We never tried to sell ourselves early on as being ethical or sustainable. For me, it has to be design led first, because ultimately that’s how the consumer makes their choice. The real backbone of sustainability is just adding to that, but above everything else, it has to be a really good design to begin with. We’ve got fifty stockists worldwide, in order for your product to sell it has to be of interest first. What fascinates me is that a person likes the look of it, but then when they come over and read the swing tag or see the labelling, they understand more about the process and thinking behind the garment, the construction and materials that have gone into it. I’m not really one for standing on soapboxes or preaching to people, but if you can provide a better product, that’s quite an amazing thing on a lot of different levels. That’s really the challenge for me.
How did your position as Artistic Director at Victorinox come about and how are you feeling about it? 
I’ve worked with Victorinox for the last three years, starting with the Remade in Switzerland project, which was a really immersive extension to the work that I’d been doing. What I’ve continued to do is work on different projects with the fashion design team based in New York. During the course of those three years, I’ve become a lot more involved and started to consult more. The new position is hopefully the next step for the work that I’ve been doing, and above all incredibly exciting, because Victorinox is a company that I’ve know since I was very young. I was given a Swiss army knife when I was in my early teens, so that emotional connection that I have is really quite important. We share a great deal of the same values in this quest for quality and innovation. Even the fact that Victorinox is still producing all of their knives in Switzerland and employing 900 people there, that to me is fascinating in terms of the legacy that they have, being a fifth generation company. The exciting thing now is how I can bring my creativity and aesthetic to the whole division, which is a real honour. 
Are there any material innovations that you are planning to work with, what are the future plans for your label?

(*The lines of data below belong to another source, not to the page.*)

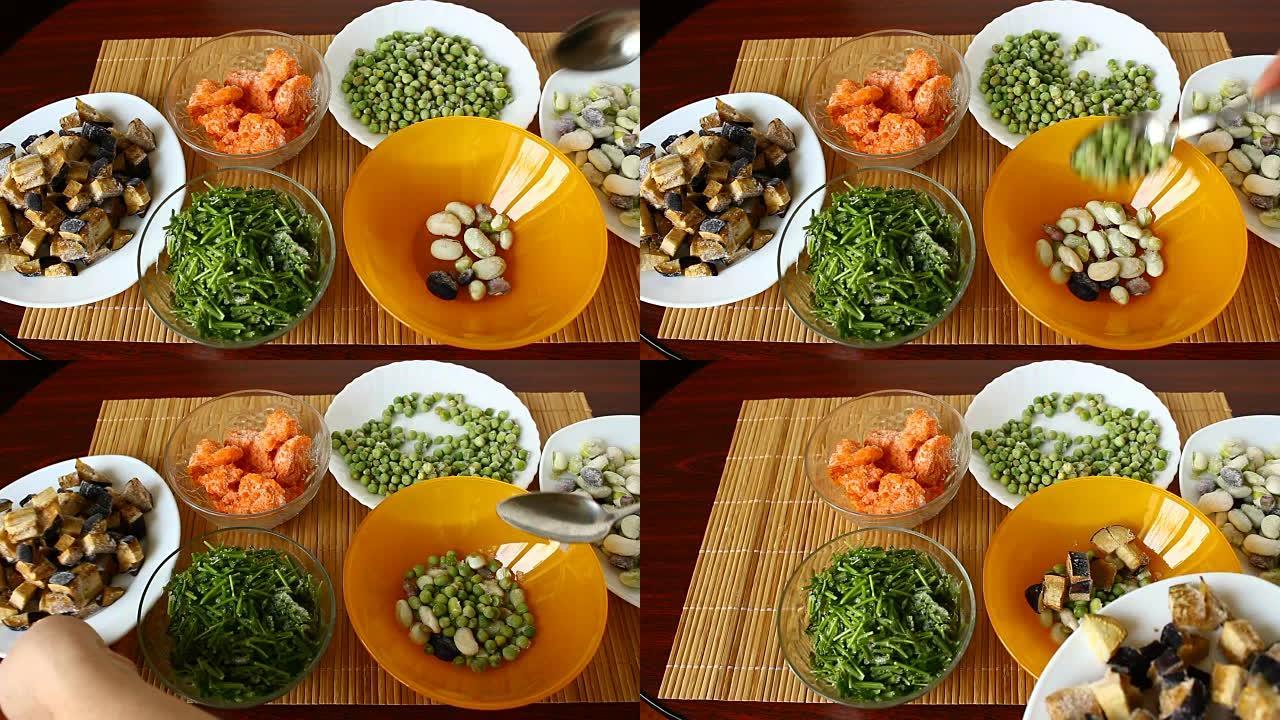 冷冻蔬菜-茄子，蔬菜骨髓，胡萝卜，豌豆，扁豆，欧芹。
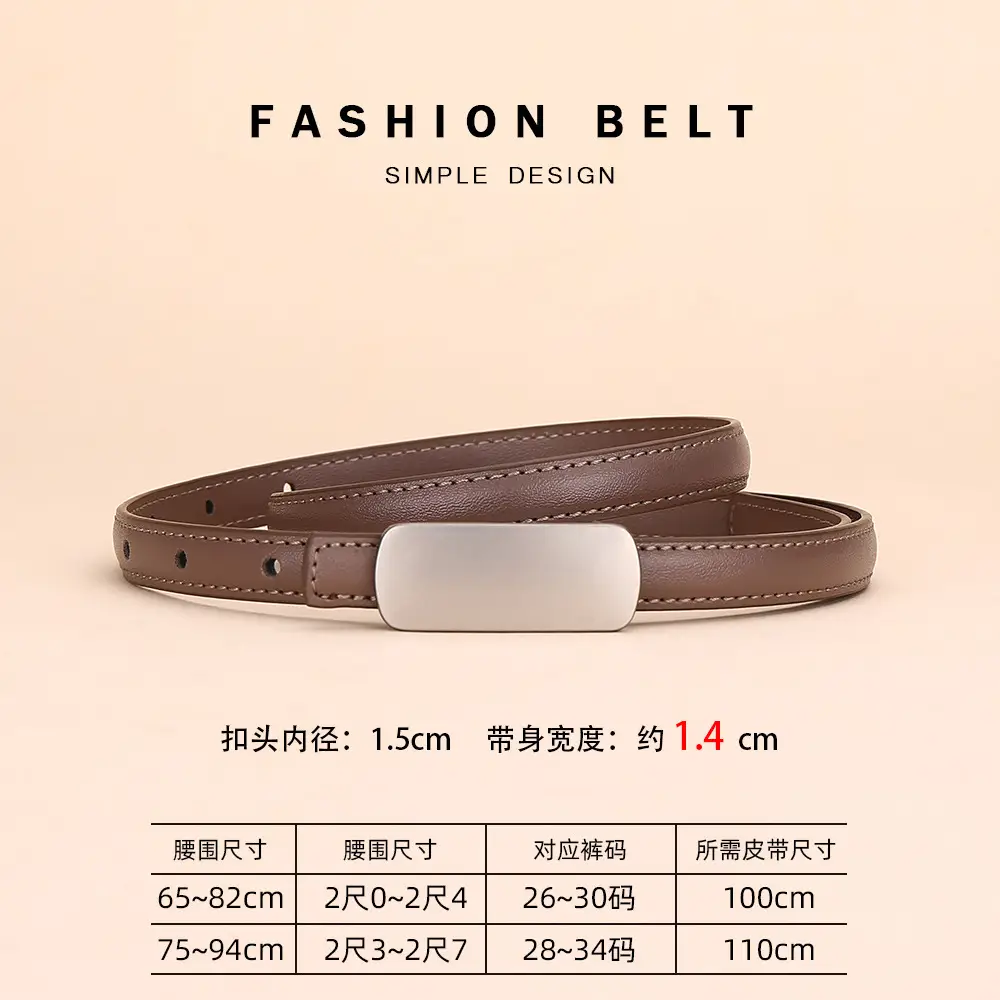 White Thin Fashion Belt for Women Business Suit - Image 3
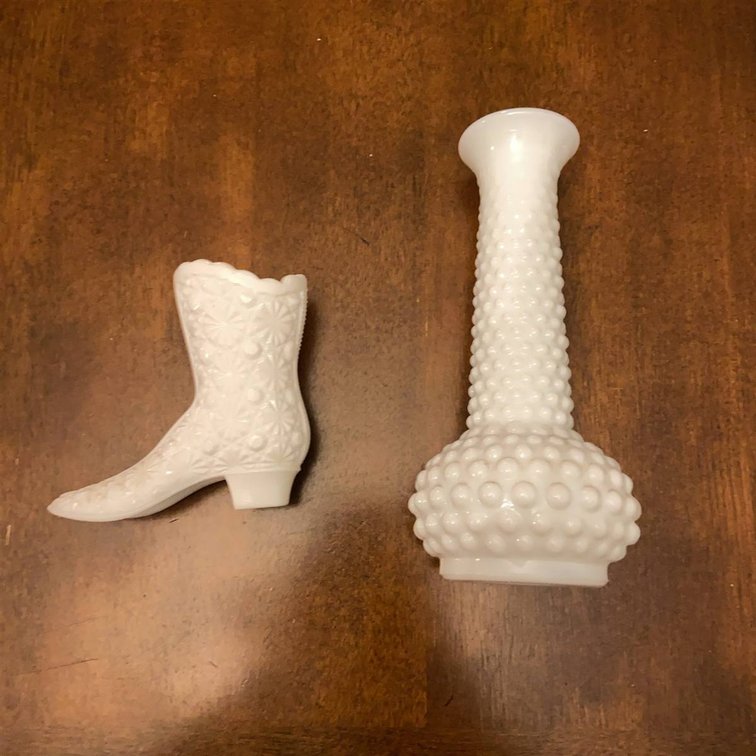 Fenton Milk Glass Boot and Hobnail Vase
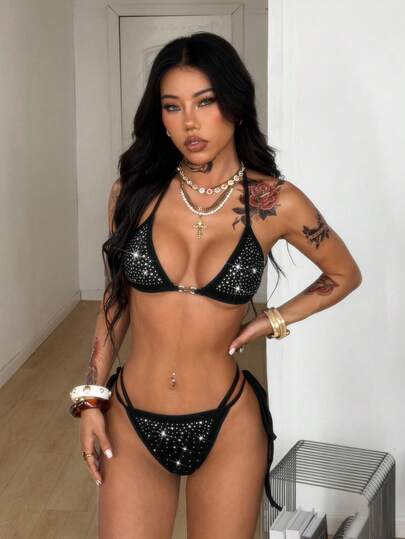 Coolane Summer Outfit For Women Going Out Casual Streetwear Festival Party Coachella Disco Outfit Fashion Sexy Cave Beach Outfits Vacation Outfits Knit Stretchy Comfortable Sparkly Rhinestone Diamond Pattern Straps Black Halter Bikini Tops And Briefs,2pcs,Carnival Outfit,Holiday Outfits For Women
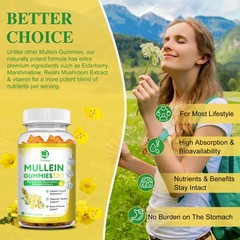 Mullein Leaf Extract Gummies for Lung Cleanse Plus Marshmallow Quercetin Vitamin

There have been the developments in Japanese recycled fabrics and now we are starting to think globally about where we are sourcing. In womenswear, we’ve started to work a lot more with Italian mills which is really good, but the next steps for the company involve the introduction of knitwear and jersey, really refining what we’ve been working on. The other thing that has been really rewarding is the introduction of our accessories line, because over the last three seasons it’s been a really significant growth. It’s almost becoming a company within the company, which we’re hoping to give its own voice to help it grow. But I’m very patient, what’s important is that what we do, we do properly, that we grow strategically at the right rate. I’m not thinking exponential quadruple growth every season. It has been about carefully mapping out what we are doing and why, making sure we’ve got the right partners and suppliers, that the product we are supplying is very good for the market.
As an outerwear-focused designer, what would be your ideal day spent outdoors?
I have to travel a lot, so enjoy just being in the UK. What I’ve started to do now in the summers for my birthday is a 24-hour challenge for charity. We started first by doing the Three Peaks Challenge which is in the highest mountains in Scotland, England and Wales and relatively easy with no real training. Then last year, we did the Welsh 3000s which is the 15 mountains in Wales above 3000 feet and you’ve got to get up and down all of them in 24 hours, which is considerably more difficult [laughs]. I am actually quite looking forward to planning the next one. It might be something in the Lake District this time, but I think the important thing is something UK-based and getting into the great outdoors.